No por nada y luego de 53 restaurants visitados, nuestra mirada se afila y se pone mas crítica. Desde la carta, que en su primera página cuenta la historia del lugar ( no la vamos a contar, mejor léanla in situ...vale la pena), pasando por la arquitectura que mantuvo la fachada, la carpintería original y la boiserie, el mostrador donde además se puede hacer barra para desayunar, almorzar o cenar hasta la exquisita selección de vinos (acá no van a encontrar los típicos vinos que no corren riesgos); todo está perfectamente pensado.

  




           
Como cada una ordenó un plato principal, quisimos pedir una entrada para compartir. El antes mencionado revuelto gramajo. Sabroso como pocos.

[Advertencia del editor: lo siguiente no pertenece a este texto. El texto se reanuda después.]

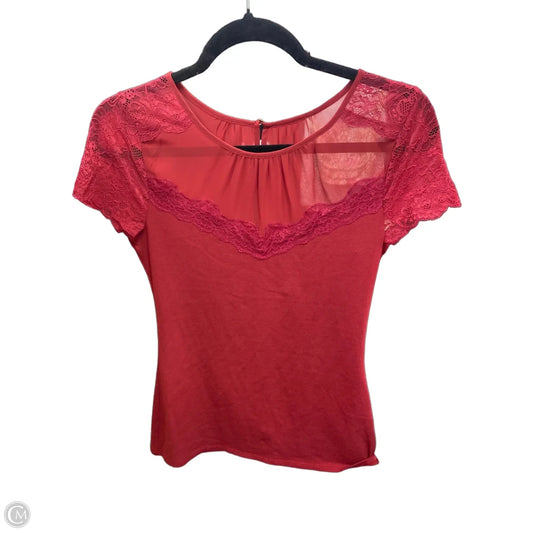 Top Short Sleeve By Express In Red, Size: S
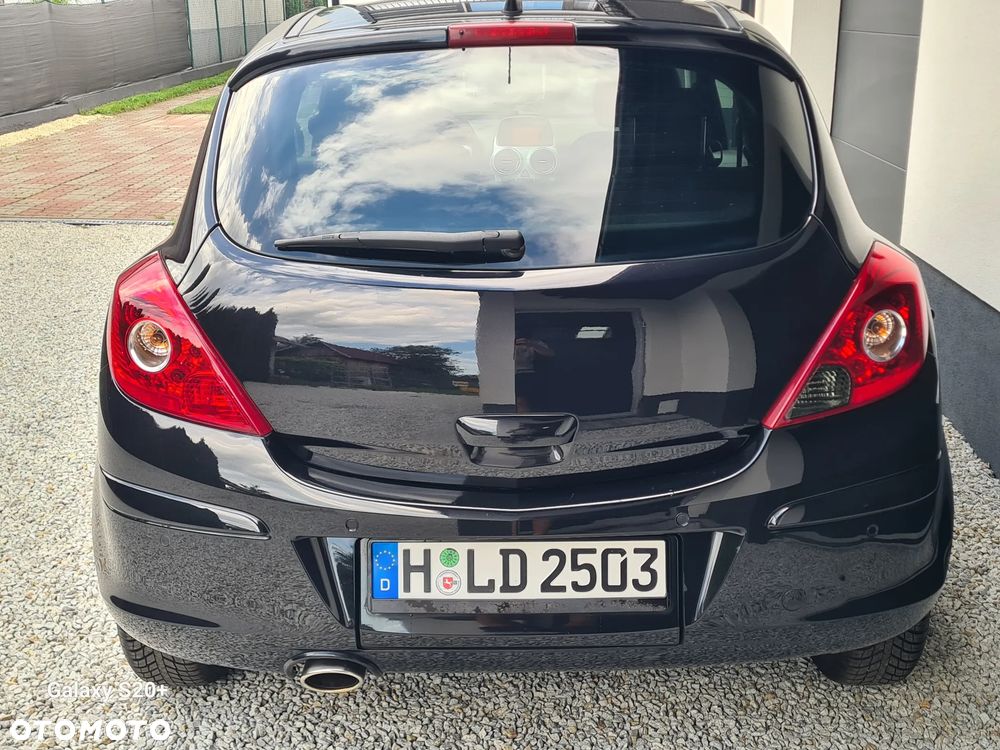 Opel Corsa 1.4 16V Satellite - 9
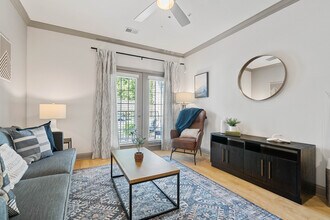 Building Photo - Hawthorne at Weaverville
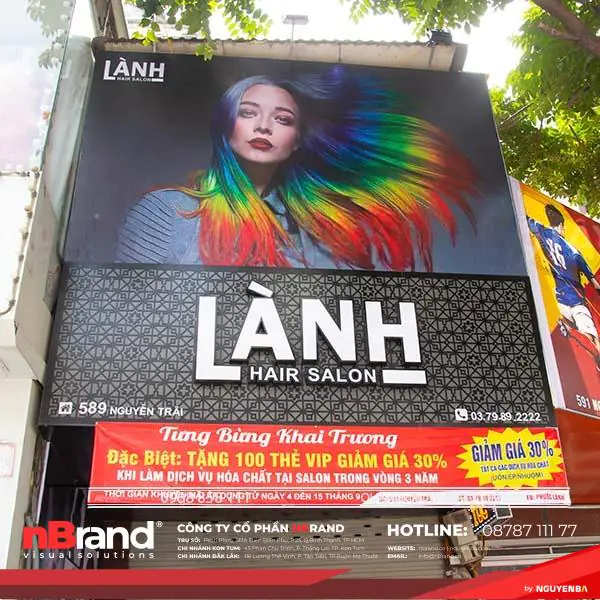 bang-hieu-salon-toc-nam-nu-7-600x600-1 30+ Mẫu Bảng Hiệu Salon Tóc Nam Nữ Đẹp Quyến Rũ Nhất 2024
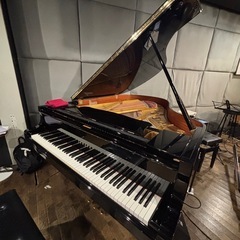 グランドピアノ　YAMAHA C3の画像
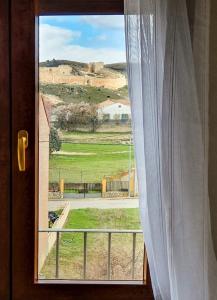 una ventana con vistas a un campo en DOMVS II, en El Burgo de Osma
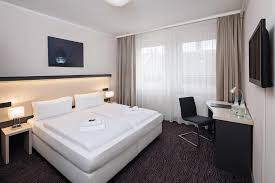 Find traveler reviews and candid photos of dining near hotel dietrich bonhoeffer haus in berlin, germany. Dietrich Bonhoeffer Hotel Berlin Mitte Berlin Aktualisierte Preise Fur 2021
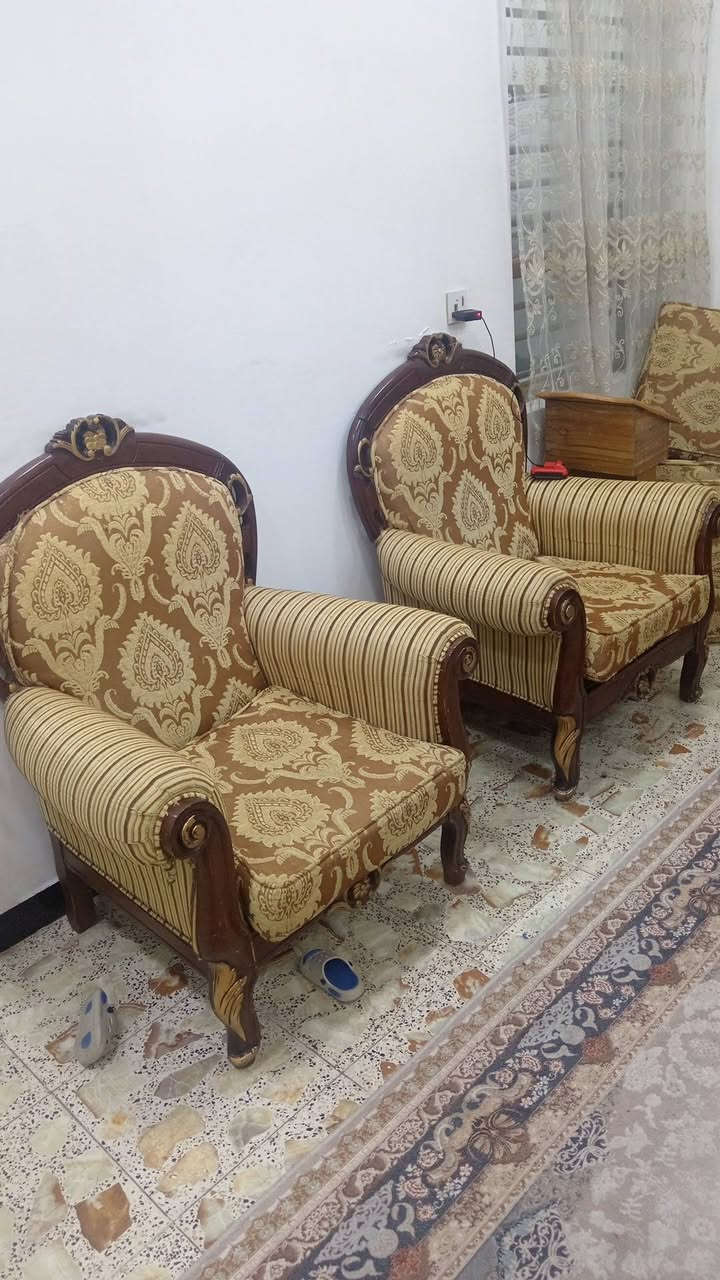 السلام عليكم
تخم للبيع نضيف ٦ مقاعد
وحده كبيره وعدد ٣ كراسي
المكان البلديات شارع المصرف سعر ١٥٠


**إذا كنت صاحب هذا الإعلان وتريد حذفه لأي سبب، رجاءا أرسل رسالة إلى الدعم الفني**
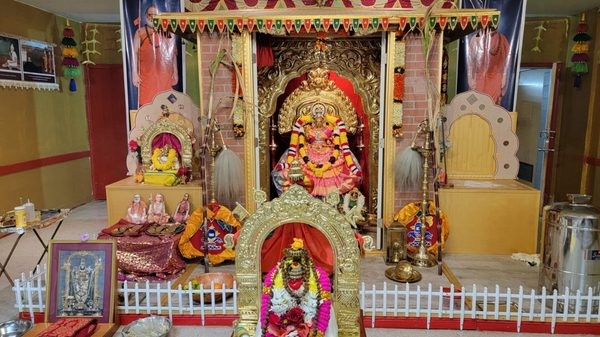 Sri Sharadamba Temple Seva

La carta es perfecta, hay variedad, porciones generosas, carnes, pescados, milanesas, sandwiches, pastas y buenos acompañamientos. Pregunten por el plato del día. Aquella noche pedimos: pesca del día con vegetales grillados. 


Ojo de bife con brócolis gratinados.


Milanesa con papas y mucho perejil fresco. Cero aceitosa, crocante por fuera y jugosa por dentro.


Los postres tampoco desentonan, pedimos flan casero con crema y dulce de leche y nuestro amado, queso y dulce.

      

Cerramos la noche con dos botellas de vino, tejiendo historias, imaginando que estaría sucediendo en las otras mesas. 


Los Galgos resignifica la esquina y vuelve al cruce de los criollos y los que recién llegan, los de acá y los de allá, la década del 30 y los millenials, el queso y el dulce, y la identidad y la pertenencia. Un lugar que cobija, definitivamente un lugar para hacerse habitué. 


LOS GALGOS
Avenida Callao 501
Tel: 4371-3561
Lunes a Sábados de 7am hasta la medianoche . Sábados hasta la 1am.